I have no way of telling whether it was her inherent care as a doctor, her listening skills or the fact that she was female that made her take action that day that led to a scan, an appointment with a specialist and eventually, despite extremely lengthy NHS waiting times, to surgery.

I’m kinda taking a wild guess it was the big fat shiny cuts and bruises glaring out of my face that really nailed it that day.

It did feel to me that for so many people, the only kind of believing is one that involves seeing, and I felt deep and personal sadness for the rejection of all that is unseen in this world and the damage that human beings do to each other in the process of being so doggedly stuck in our black and white ways.

Waiting for the operation

It still took a very long time to have a scan, to find endometrioma, to have another scan, to see two specialists and to eventually be recommended for surgery.  My symptoms worsened daily.

I was taking so many strong painkillers multiple times per day and remained permanently worried about whether I’d be able to get up on a morning.  The tiredness was horrendous.  Would I be able to drive to school, I’d wonder.  Often with a hot water bottle, Lucozade and a tonne of pills down me, yes.  By this point I had friends on standby in case the pain was too bad, and I was becoming better at asking for help and explaining myself to others.

All the painkillers were not good for my tummy and the fact that I had an undiagnosed disease probably wasn’t doing much for my immune system either.  It was a very debilitating way to live life and anyone with endo can sadly expect to have the same prospect recur in future too, which is a tough place to be emotionally.

The operation outcome: what was unseen?

I remember coming round from the operation, asking repeatedly what time it was and what day it was.  I was perplexed and shaky.

The hospital notes made for interesting reading.  My ovary had multiple endometrioma cysts which had stuck themselves round the back of my womb.  My tubes weren’t in the right place and my womb was locked and frozen also in the wrong place (how and where goodness only knows).  Oh, and my bowel was stuck to my womb.  No wonder I’d been passing out.

Feeling validated

Listening to the surgeon and reading the notes, finally, after years of this same carry on, I felt validated, seen and heard.  The surgeon wanted to clarify with me repeatedly that I had been telling the truth when I said I’d not taken any painkillers that morning.  And I confirmed it repeatedly.  He looked at me funny and said he didn’t know how I’d coped with the pain.

What, the same pain that could be cured by Ibuprofen, I wondered?

I was too tired to tell him I’d been deep breathing, praying and carrying crystals in my pocket.
After 3 weeks of having a mental fog, unbelievable tiredness and very painful wind in my shoulder (apparently common after such an operation), I was recovered.

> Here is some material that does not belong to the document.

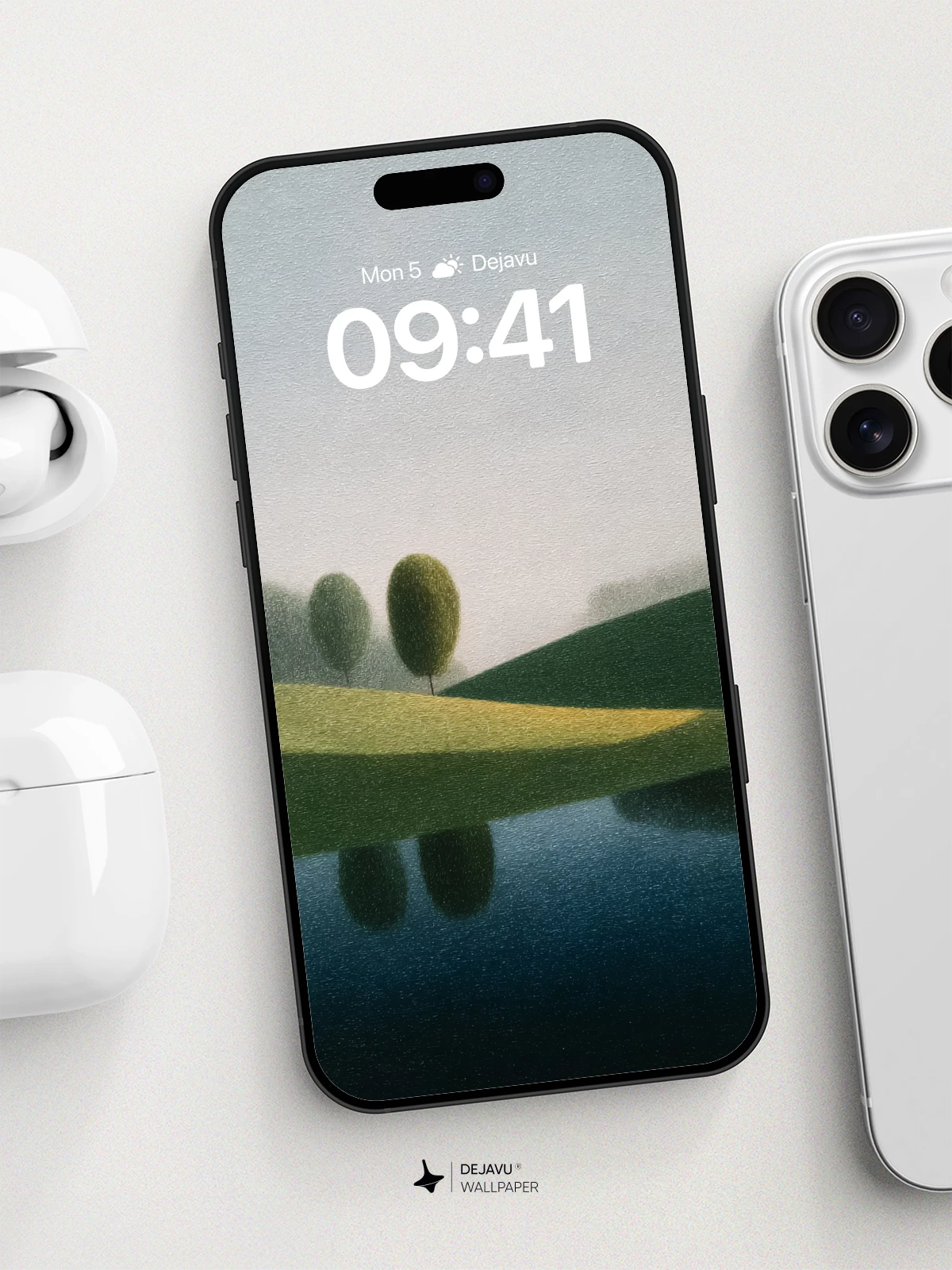 Serene Landscape Reflection Wallpaper 8K for iPhone and Android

I felt 5 years younger and like I had some vitality again.  At last I had some get up and go!

I’ve enjoyed many months of being back to normal which has been truly amazing.  Just to be well again is an incredible feeling, even though I know that sometimes I have this nagging little pain and I know it’s the small echo of my endo trying to come back, but this time I’m armed with information and determination.  I’m in a very different place now.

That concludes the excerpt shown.